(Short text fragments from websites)
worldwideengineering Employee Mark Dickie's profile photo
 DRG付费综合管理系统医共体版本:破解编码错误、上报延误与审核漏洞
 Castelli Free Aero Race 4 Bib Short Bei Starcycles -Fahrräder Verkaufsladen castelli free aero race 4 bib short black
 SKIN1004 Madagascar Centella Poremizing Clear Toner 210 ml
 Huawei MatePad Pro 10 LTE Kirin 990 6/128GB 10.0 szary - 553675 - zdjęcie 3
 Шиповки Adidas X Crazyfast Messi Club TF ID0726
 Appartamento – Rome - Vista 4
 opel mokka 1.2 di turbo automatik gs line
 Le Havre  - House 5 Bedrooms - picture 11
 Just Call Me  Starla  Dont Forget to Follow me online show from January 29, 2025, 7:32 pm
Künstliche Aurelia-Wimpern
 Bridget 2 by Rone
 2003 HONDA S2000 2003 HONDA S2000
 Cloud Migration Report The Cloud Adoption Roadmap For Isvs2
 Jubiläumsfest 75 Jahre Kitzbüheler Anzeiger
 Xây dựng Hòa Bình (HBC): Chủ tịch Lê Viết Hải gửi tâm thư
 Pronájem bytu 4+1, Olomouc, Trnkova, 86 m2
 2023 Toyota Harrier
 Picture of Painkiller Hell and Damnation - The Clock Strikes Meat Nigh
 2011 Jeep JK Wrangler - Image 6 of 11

ACTIVITY:
Could you transcribe the entries exactly, from the first line through the line containing "2023 Toyota Harrier", and give nothing more?

SOLUTION FOR THIS PROBLEM:
worldwideengineering Employee Mark Dickie's profile photo
 DRG付费综合管理系统医共体版本:破解编码错误、上报延误与审核漏洞
 Castelli Free Aero Race 4 Bib Short Bei Starcycles -Fahrräder Verkaufsladen castelli free aero race 4 bib short black
 SKIN1004 Madagascar Centella Poremizing Clear Toner 210 ml
 Huawei MatePad Pro 10 LTE Kirin 990 6/128GB 10.0 szary - 553675 - zdjęcie 3
 Шиповки Adidas X Crazyfast Messi Club TF ID0726
 Appartamento – Rome - Vista 4
 opel mokka 1.2 di turbo automatik gs line
 Le Havre  - House 5 Bedrooms - picture 11
 Just Call Me  Starla  Dont Forget to Follow me online show from January 29, 2025, 7:32 pm
Künstliche Aurelia-Wimpern
 Bridget 2 by Rone
 2003 HONDA S2000 2003 HONDA S2000
 Cloud Migration Report The Cloud Adoption Roadmap For Isvs2
 Jubiläumsfest 75 Jahre Kitzbüheler Anzeiger
 Xây dựng Hòa Bình (HBC): Chủ tịch Lê Viết Hải gửi tâm thư
 Pronájem bytu 4+1, Olomouc, Trnkova, 86 m2
 2023 Toyota Harrier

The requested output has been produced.